Джо это отметил.
— Придется мне выпить ром конкурента.
Монтус выпустил тонкую струйку дыма.
— Если бы всё всегда было так просто. — Он снова затянулся своей трубкой. — Почему сегодня все белые расхаживают по городу с крестами на лбу?
— Пепельная среда, — пояснил Джо.
— А такое впечатление, что вы все стали вуду. Так и жду, что начнут пропадать куры.
Джо улыбнулся, глядя Монтусу в глаза: один — цвета устрицы, а второй — темный, как пол в комнате. Выглядел его друг не лучшим образом, совсем не так, как прежний Монтус Дикс, которого Джо знал уже пятнадцать лет.
— На этот раз у тебя нет шансов, — сказал Джо.
Монтус в ответ на это лениво пожал плечами:
— Значит, будет война. Перестреляю всех вас на улицах. Взорву все ваши клубы. Я выкрашу улицы в цвет…
— И что в итоге? — перебил Джо. — Только положишь кучу своих людей.
— Ваших тоже.
— Верно, только у нас больше народу. А ты тем временем лишь обезоружишь свою организацию, ослабишь настолько, что о восстановлении не будет и речи. И сам ты все равно умрешь.
— В таком случае что мне остается? Не вижу выбора.
— Уезжай куда-нибудь, — сказал Джо.
— Куда?
— Куда угодно, только подальше отсюда. Дождись, пока страсти утихнут.
— Страсти здесь никогда не утихнут, пока жив Фредди Диджакомо.
— Тебе нельзя оставаться. Забирай жен и уезжай на какое-то время.
— Забирай жен! — Монтус засмеялся. — Ты встречал хотя бы одну женщину, с которой можно было бы нормально путешествовать? И ты хочешь, чтобы три эти чокнутые суки плыли вместе со мной? Друг, если ты решил меня доконать, это самое верное средство.
— Говорю же тебе, — сказал Джо, — сейчас самое время посмотреть мир.
— Чушь, парень! Я не брошу маму и свою землю. Во время Великой войны я был в триста шестьдесят девятом пехотном. «Гарлемские черти», слыхал о таких? Знаешь, чем мы прославились, кроме того, что были первыми черными, кому правительство доверило оружие?
Джо знал, но покачал головой, чтобы Монтус рассказал сам.
— Мы шесть месяцев провели под огнем, потеряли полторы тысячи человек, но не отдали ни одного фута земли. Ни единого. И ни одного из наших не взяли в плен. Подумай об этом. Мы стояли на той проклятой земле, пока врагам не надоело умирать. Не нам. Им. Кровь доходила до верха башмаков. Кровь лилась в башмаки. Полгода сражений, полгода без сна, когда то и дело счищаешь со штыка чье-то мясо. И ты хочешь, чтобы теперь я — что? Испугался?
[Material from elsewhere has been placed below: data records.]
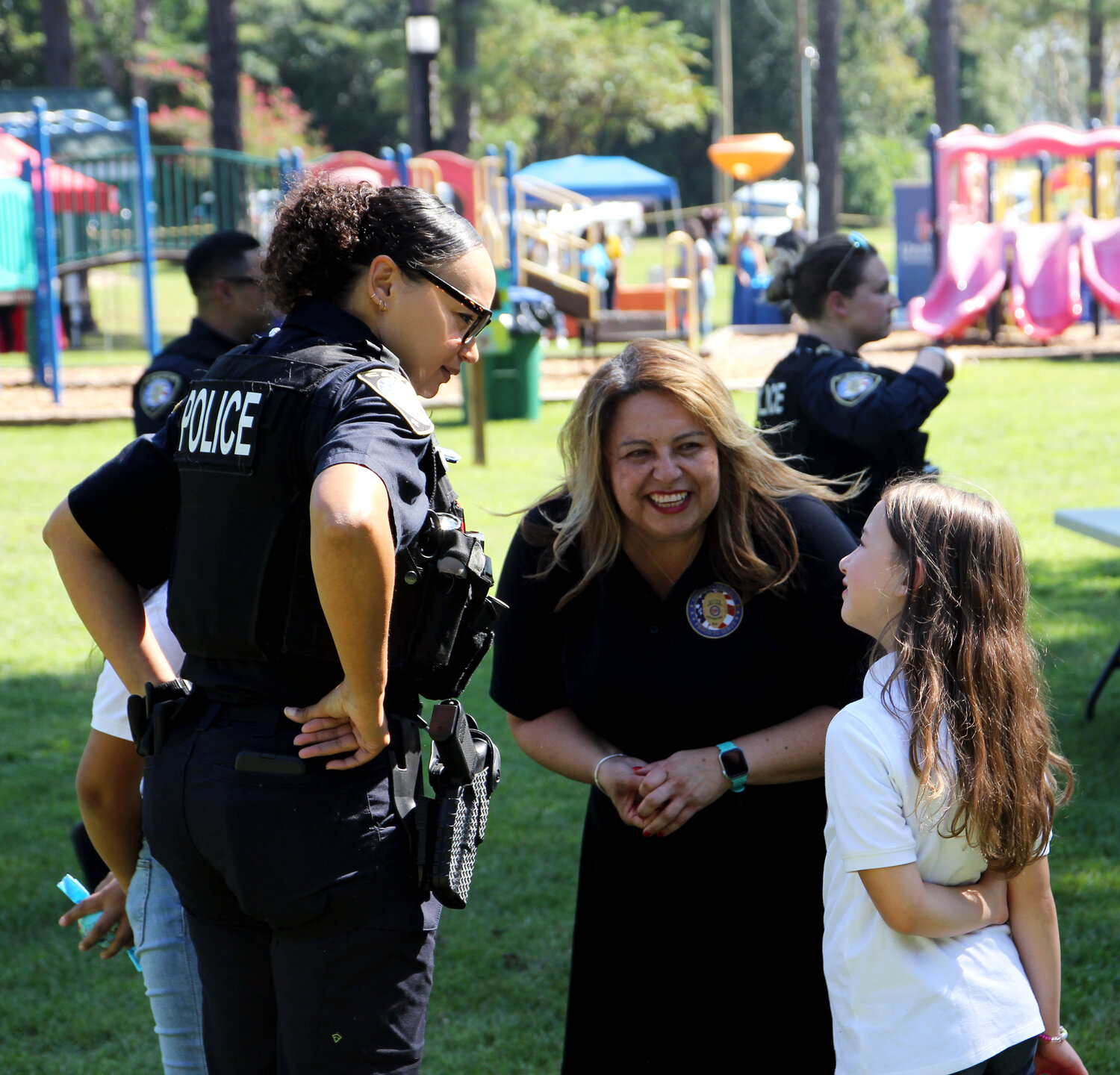 Juana Saavedra (center), victim advocacy/community outreach coordinator for the Cayce Police, talks with a child attending the Cayce Police Department’s second annual Fiesta Sept. 24. The event is part of the department’s growing efforts to reach out to the Hispanic community.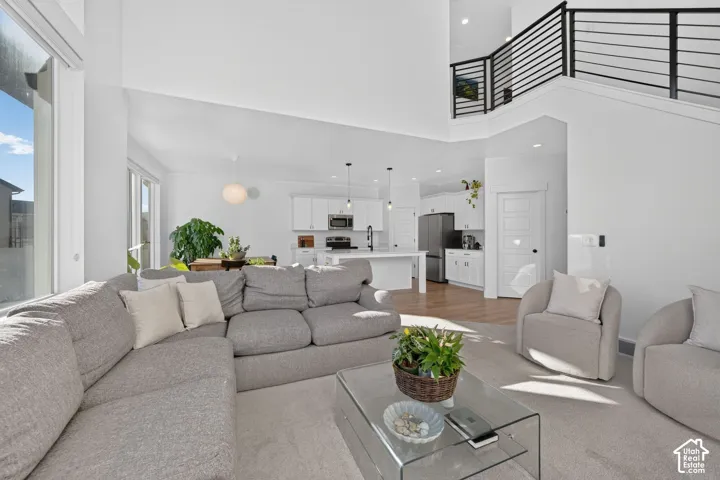 Open-concept interior featuring double-height ceilings, a kitchen with white cabinetry and a central island, recessed lighting, and a metal horizontal-bar staircase railing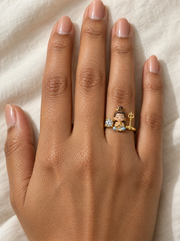 Bal Shiva Sadashiv ring – fair baby Shiva with crescent moon in namaste between a lab grown diamond solitaire and a gold trishul, worn on the ring finger
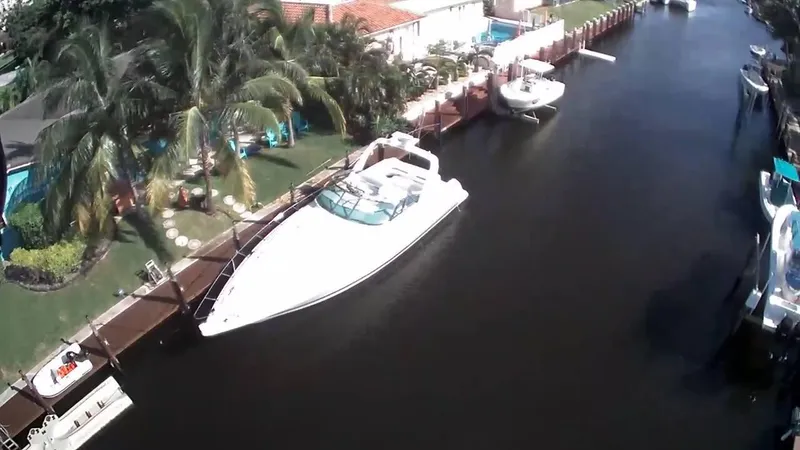 Slide: The Image of 2002 Formula 41 PC yacht docked in a scenic canal with palm trees. - 9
Он выколотил стержень над пепельницей, снова набил коноплей из медной шкатулки.
— После войны, — продолжал он, — все говорили, что все станет по-другому. Мы вернемся домой героями, к нам будут относиться по-человечески. Я понимал, что все это мечты черномазого, поэтому сделал на обратном пути крюк. Посмотрел Париж, увидел Германию, просто чтобы понять, чего ради все умирали. А когда вернулся сюда в двадцать втором? Я повидал Италию и объехал всю дерьмовую Африку. Знаешь, что было самое смешное в Африке? Никто там не принимал меня за африканца. Им было ясно с первого взгляда, что я американец, и плевать на цвет кожи. А вернулся сюда, и мне говорят, что я в лучшем случае полуамериканец. В общем, парень, я уже посмотрел мир и получил все, что мне нужно, прямо здесь. Можешь предложить мне что-нибудь еще?
— Пытаюсь придумать. Ты почти не оставил мне шанса, Монтус.
— Помнишь те дни, когда ты заправлял делами? Тогда ты придумал бы выход.
— Я и сегодня могу придумать выход.
— Но не спасение для меня. — Монтус подался к нему, желая услышать, как Джо скажет это.
— Нет, — сказал Джо. — Не спасение для тебя.
Монтус принял это окончательное подтверждение. Да, он полгода подряд каждый день видел смерть на полях сражений во Франции, только это было двадцать лет назад. А сейчас смерть сидела к нему ближе, чем Джо. Сидела у него на плече, запускала пальцы ему в волосы.
— К моему мнению до сих пор прислушивается большой человек, — сказал Джо.
Монтус откинулся назад:
— Беда в том, что он теперь не настолько большой, как ему кажется.